This dataset contains data from the calculations described in the paper: “Nguyen Thi Hoa, Do Thi My Hang, Do Phu Hieu, Huynh Van Truong, Loc Phuoc Hoang, Adam Mechler and Quan V. Vo^*. (2021), The Hydroperoxyl Radical Scavenging Activity of Sulfuretin: Insights from Theory. Royal Society Open Science. 2021. The thermodynamic and kinetic calculations were applied to evaluate the HOO^· radical scavenging activity of sulfuretin (SFR) in the gas phase and solvents (water and pentyl ethanoate) by the M06-2X/6-311++G(d,p) level of theory. SFR is predicted to be an excellent HOO^• scavenger in water at pH = 7.40 with k_overall = 4.75´10⁷ M^-1 s^-1, principally due to an increase in the activity of the anionic form following the single electron transfer mechanism. Consistently the activity of the neutral form is more prominent in the nonpolar environment with k_overall = 1.79´10⁴ M^-1 s^-1 following the formal hydrogen transfer mechanism. Thus it is predicted that SFR exhibits better HOO^· antiradical activity than typical antioxidants such as resveratrol, ascorbic acid, and Trolox in the lipid medium. The hydroperoxyl radical scavenging of SFR in the aqueous solution is ~530 times faster than that of Trolox and similar to ascorbic acid or resveratrol. This suggests that SFR is a promising radical scavenger in physiological environments.  

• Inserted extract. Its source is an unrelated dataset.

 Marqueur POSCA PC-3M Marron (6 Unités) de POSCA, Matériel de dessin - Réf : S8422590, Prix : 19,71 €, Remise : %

The dataset was collected during the Gaussian 09 suite of programs at The University of Danang - University of Technology and Education, Vietnam, and La Trobe University, Australia. M06-2X/6-311++G(d,p) model chemistry was used for all calculations. It was demonstrated before that the M06-2X functional is one of the most reliable methods to study thermodynamics and kinetics of radical reactions, particularly in physiological environments. The solvation model density (SMD) method was used for including the effects of water and pentyl ethanoate in the computations. The kinetic calculations were performed following the quantum mechanics-based test for the overall free radical scavenging activity (QM-ORSA) protocol, using the conventional transition state theory (TST) and 1M standard state at 298.15 K.

The readme file contains the calculation methods (Table S1, SI), the Cartesian coordinates of the transition states (Table S2, SI), and the Gaussian input files for thermodynamic and kinetic study in all the studied environments. Information on how the calculations were done can also be found in the associated manuscript referenced above.